* [Dataset extract]:
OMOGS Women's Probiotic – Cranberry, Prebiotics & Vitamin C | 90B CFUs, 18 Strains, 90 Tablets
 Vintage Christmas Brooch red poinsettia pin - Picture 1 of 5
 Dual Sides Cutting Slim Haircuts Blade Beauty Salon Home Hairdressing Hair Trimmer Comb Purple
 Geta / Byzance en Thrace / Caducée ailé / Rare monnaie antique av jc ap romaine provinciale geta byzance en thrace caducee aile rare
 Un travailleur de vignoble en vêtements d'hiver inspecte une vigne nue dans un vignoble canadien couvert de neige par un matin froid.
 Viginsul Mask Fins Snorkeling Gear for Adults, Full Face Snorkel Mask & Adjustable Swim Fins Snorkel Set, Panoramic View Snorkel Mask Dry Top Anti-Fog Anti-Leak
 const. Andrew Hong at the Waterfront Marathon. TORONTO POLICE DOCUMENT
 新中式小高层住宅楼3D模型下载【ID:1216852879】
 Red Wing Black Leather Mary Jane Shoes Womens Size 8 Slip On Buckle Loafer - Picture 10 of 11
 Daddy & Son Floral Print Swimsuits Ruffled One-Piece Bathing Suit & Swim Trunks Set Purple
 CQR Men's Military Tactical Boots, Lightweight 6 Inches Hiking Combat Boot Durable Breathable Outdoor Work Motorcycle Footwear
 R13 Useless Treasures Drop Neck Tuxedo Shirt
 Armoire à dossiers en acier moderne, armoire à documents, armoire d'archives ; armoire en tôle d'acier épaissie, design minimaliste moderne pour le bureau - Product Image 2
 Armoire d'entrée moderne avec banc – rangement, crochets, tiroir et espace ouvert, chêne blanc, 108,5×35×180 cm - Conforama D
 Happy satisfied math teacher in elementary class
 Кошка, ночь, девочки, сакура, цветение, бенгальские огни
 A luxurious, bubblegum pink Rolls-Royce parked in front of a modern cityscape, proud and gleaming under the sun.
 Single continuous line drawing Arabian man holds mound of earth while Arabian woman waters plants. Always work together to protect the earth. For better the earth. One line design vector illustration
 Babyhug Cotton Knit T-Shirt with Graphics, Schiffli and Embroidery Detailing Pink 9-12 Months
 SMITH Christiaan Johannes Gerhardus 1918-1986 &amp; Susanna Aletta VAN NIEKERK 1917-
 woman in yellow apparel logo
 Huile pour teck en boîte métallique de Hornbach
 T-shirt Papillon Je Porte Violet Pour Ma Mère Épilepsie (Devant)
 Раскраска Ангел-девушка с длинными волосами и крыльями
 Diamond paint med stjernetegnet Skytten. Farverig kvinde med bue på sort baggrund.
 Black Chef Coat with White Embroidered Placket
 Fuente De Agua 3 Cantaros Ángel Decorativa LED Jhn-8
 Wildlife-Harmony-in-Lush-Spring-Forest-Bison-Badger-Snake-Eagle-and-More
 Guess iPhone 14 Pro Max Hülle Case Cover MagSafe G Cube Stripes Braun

* [Work task]: For every line above that holds the word "Black", report the whole line.

* [Solution to this exercise]:
 Red Wing Black Leather Mary Jane Shoes Womens Size 8 Slip On Buckle Loafer - Picture 10 of 11
 Black Chef Coat with White Embroidered Placket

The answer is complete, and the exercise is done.